WORK INSTRUCTIONS → Taking the line with "Teachers attending the" as the first and the line with "Marinblå merinoull långärmad" as the last, set down the lines below exactly, pictures excluded.

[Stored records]
--- START ---

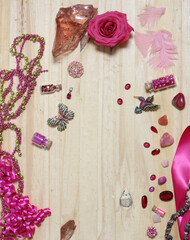 Pink and Magenta Jewelry With Flower on Wooden Table. Top View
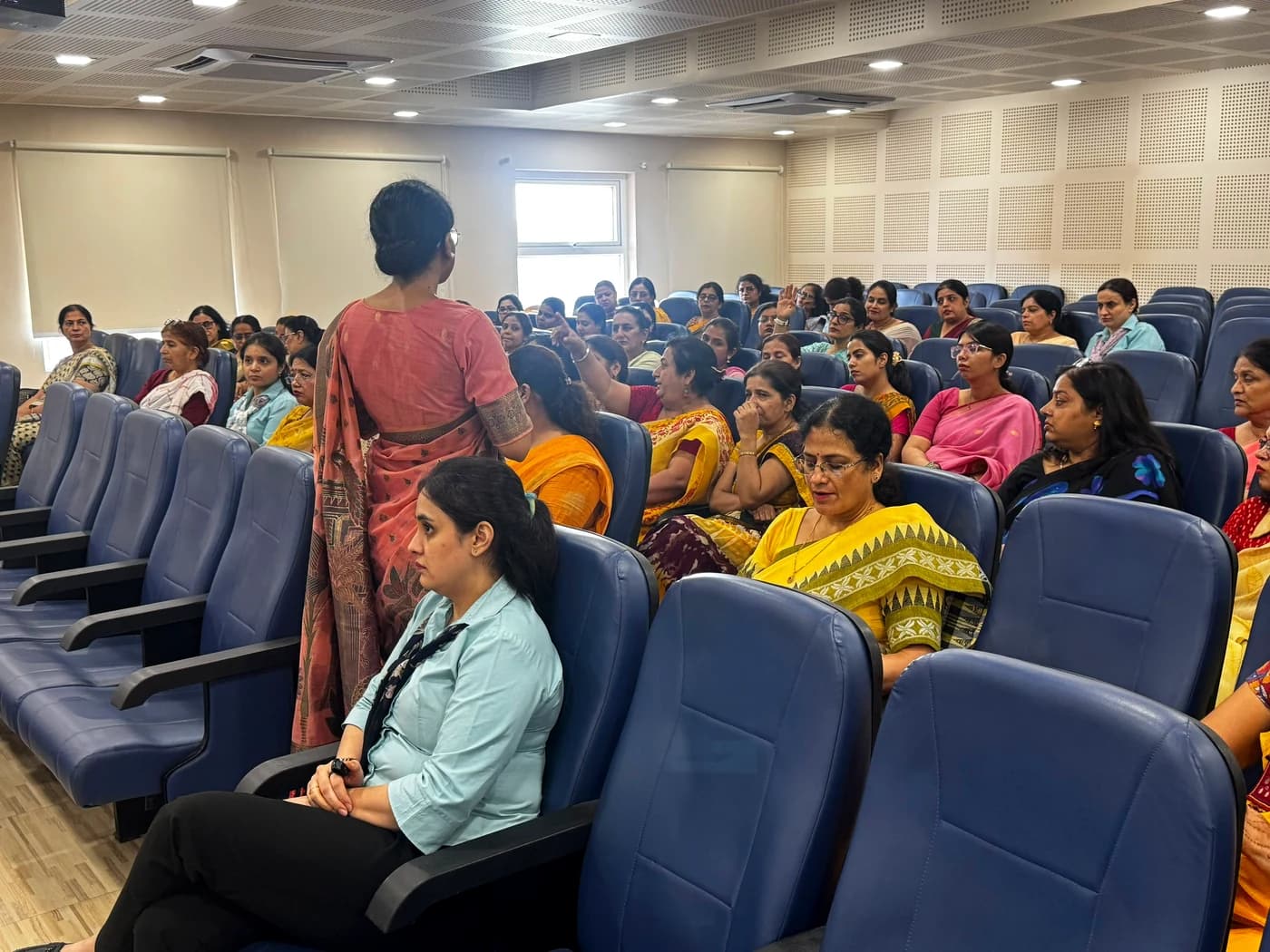 Teachers attending the Life Skills workshop, seated in the auditorium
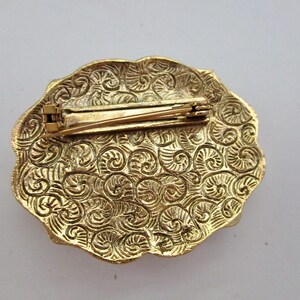 May include: Gold-toned vintage brooch with an oval shape and a decorative, swirling pattern. The brooch has a pin closure on the back. The edges of the brooch are scalloped.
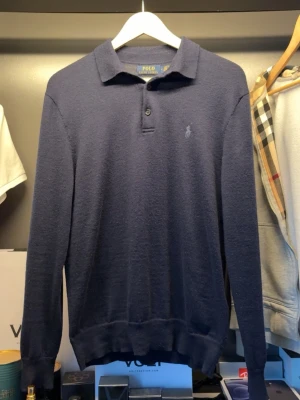 Marinblå merinoull långärmad piké från  Polo Ralph Lauren - Klassisk marinblå långärmad pike från Polo Ralph Lauren i mjuk och tvättbar merinoull. Tröjan har krage, knappslå med 3 knappar och diskret broderad logga på bröstet. Perfekt för en stilren och avslappnad look. Den är i bra skick säljer den endast pågrund av ingen användning. (Nypris 2700) bevis på att den är äkta finns också och priset är inte hugget i sten. Skulle kunna passa folk med S också 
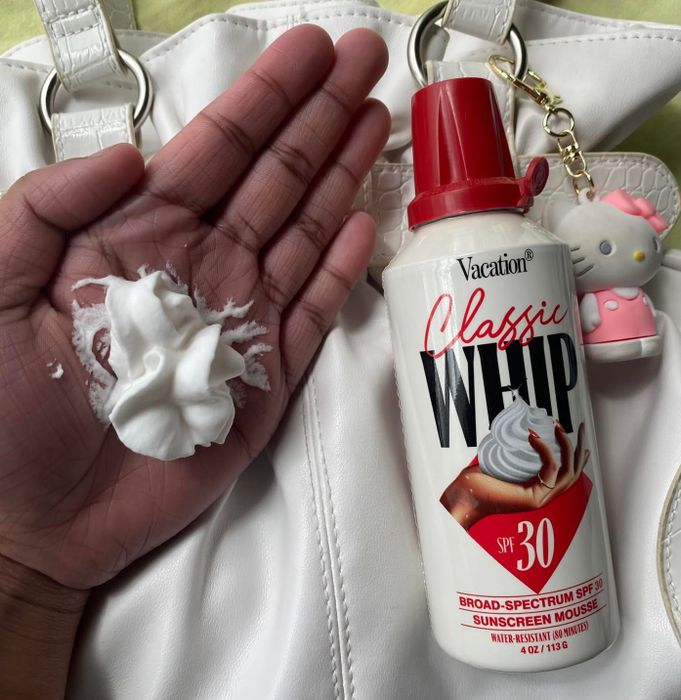 A hand holding a dollop of Vacation Classic Whip sunscreen mousse SPF 30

--- END ---

ANSWER TO THE PROBLEM →
 Teachers attending the Life Skills workshop, seated in the auditorium
 May include: Gold-toned vintage brooch with an oval shape and a decorative, swirling pattern. The brooch has a pin closure on the back. The edges of the brooch are scalloped.
 Marinblå merinoull långärmad piké från  Polo Ralph Lauren - Klassisk marinblå långärmad pike från Polo Ralph Lauren i mjuk och tvättbar merinoull. Tröjan har krage, knappslå med 3 knappar och diskret broderad logga på bröstet. Perfekt för en stilren och avslappnad look. Den är i bra skick säljer den endast pågrund av ingen användning. (Nypris 2700) bevis på att den är äkta finns också och priset är inte hugget i sten. Skulle kunna passa folk med S också 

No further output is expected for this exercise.